Review By Don Sloan
This is a book filled with hope and elation, but tempered cruelly with despair. It soars to great heights of the human spirit, and trudges through the troughs of profound unhappiness and injustice.
Often, the stories are hard to read, as the author’s lead characters — all women of Zimbabwe — struggle just to survive another day, in the jungle physically or metaphorically. In many cases, they have no say in how they are treated, or what happens to them — even in the smallest matters.
In the story “Angels in Hell,” a young woman complains when her name is changed at her christening to Maria. She bitterly says, “It is not a bad name, but I do not like it. It makes me feel like a sold cow to which the owner gives a new name.”
Indeed, so much of a woman’s existence in this third-world country is beyond her control that one wonders how they ever put a smile on their faces.
And yet, some do.
In “Poignant Shadows,” a housewife much like any other around the world, is bustling about, getting her children ready for school in the city. She calls for her husband twice to get up; then, in exasperation, goes into the bedroom to wake him:
“I move closer with caution, ready to flee. But he strikes when I least expect it and grabs me, and I laugh, even though he always does that. We have been together twenty years now, but he clings to the small things that make me laugh.”

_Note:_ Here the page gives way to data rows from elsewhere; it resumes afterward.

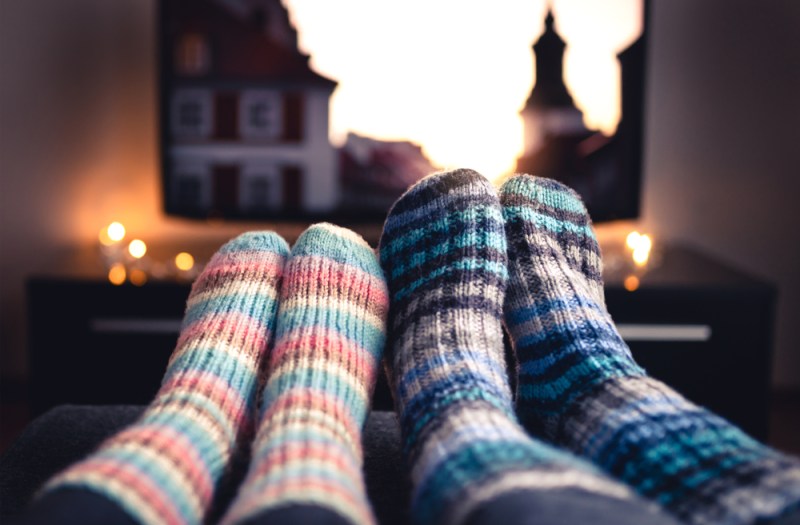 Couple in cozy socks watching movie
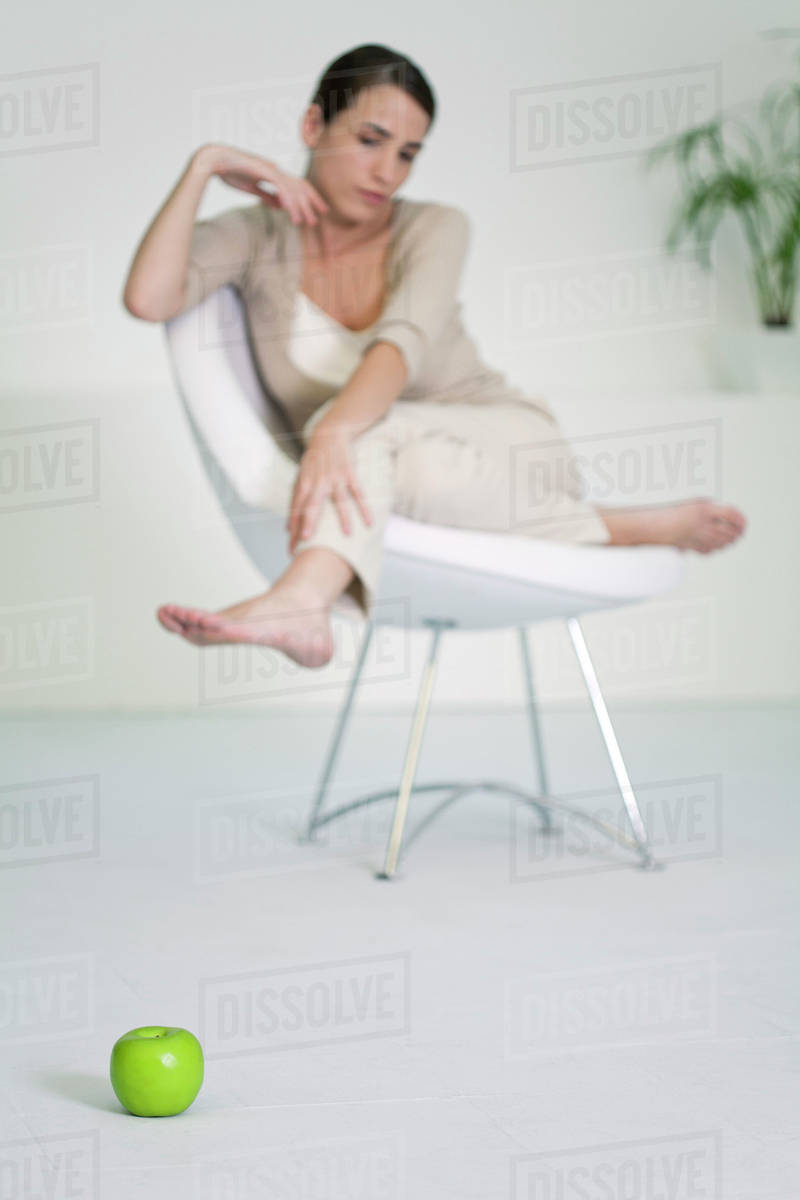 Woman Relaxing In Chair Looking At Le On Floor Foreground Woman Relaxing In Chair Looking At Le On Floor Foreground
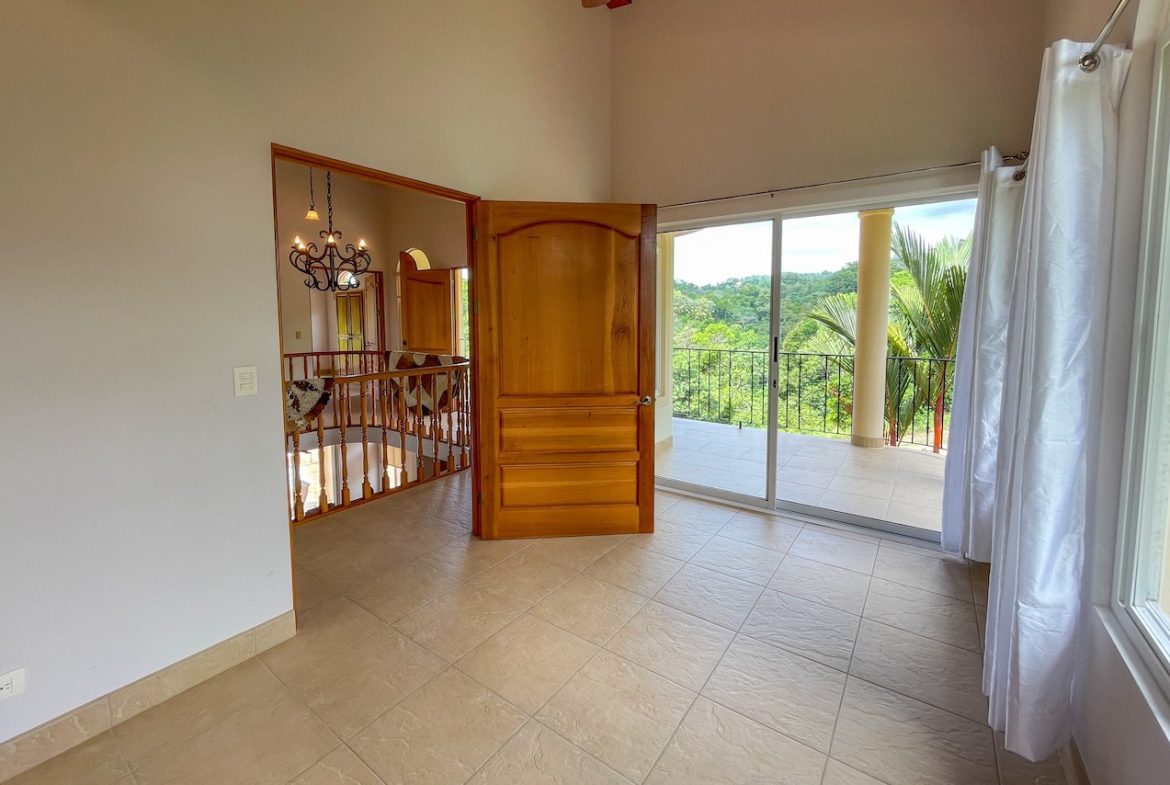 SOLID CONSTRUCTION HOME WITH BEAUFITUL JUNGLE VIEWS IN OJOCHAL – 0.36 ACRES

And much later, in “I Am Not Your Mother,” a young woman struggles to escape the consequences inflicted on her by a recalcitrant sibling — her only sister. And a bad lot she is.
One day she runs away, leaving her illegitimate daughter for the poor young woman to raise. The situation is dire; yet the author chooses to highlight the innocence of the child, who knows nothing of her mother’s worthlessness. The writing here — as in so much of this remarkable book — is lyrical:
“She reminds me of someone, an elusive face that is hidden in the soft contours of the baby fat. A shadow that lurks behind the soft skin that is peeling off, and the unseeing eyes that blink in the soft light of the day…”

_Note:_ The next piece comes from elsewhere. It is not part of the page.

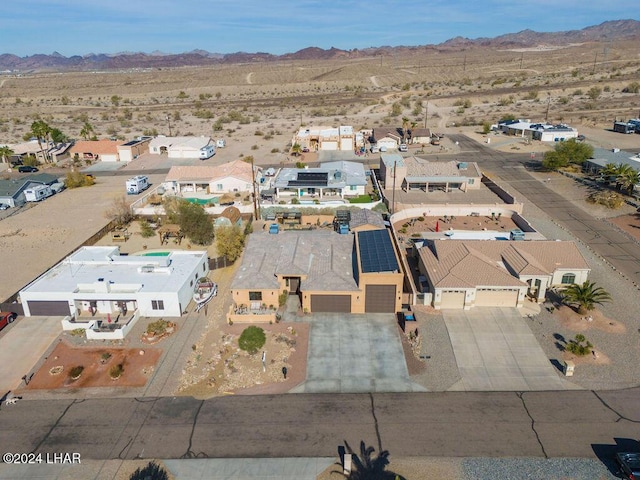 birds eye view of property featuring a mountain view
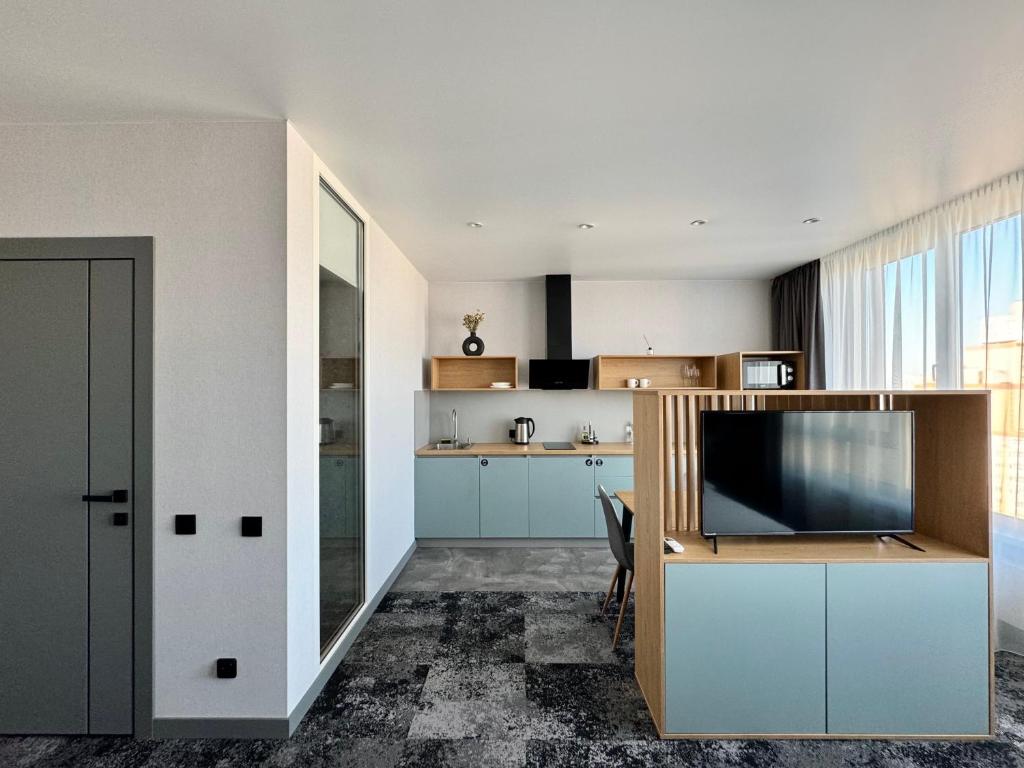 TV a/nebo společenská místnost v ubytování Be The One Hotel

Other reviewers have focused only on the harsh and alien culture that needlessly inflicts Zimbabwe’s women with unspeakable harshness. And that is true.
But there is also much in these writings that speak eloquently of the triumphs of the heart — a trait shared universally by strong women everywhere.
Five stars to this fine collection of stories. They spoke to me in ways only great literature can do. That this book is the product of a person whose native language is not English makes it all the more singular.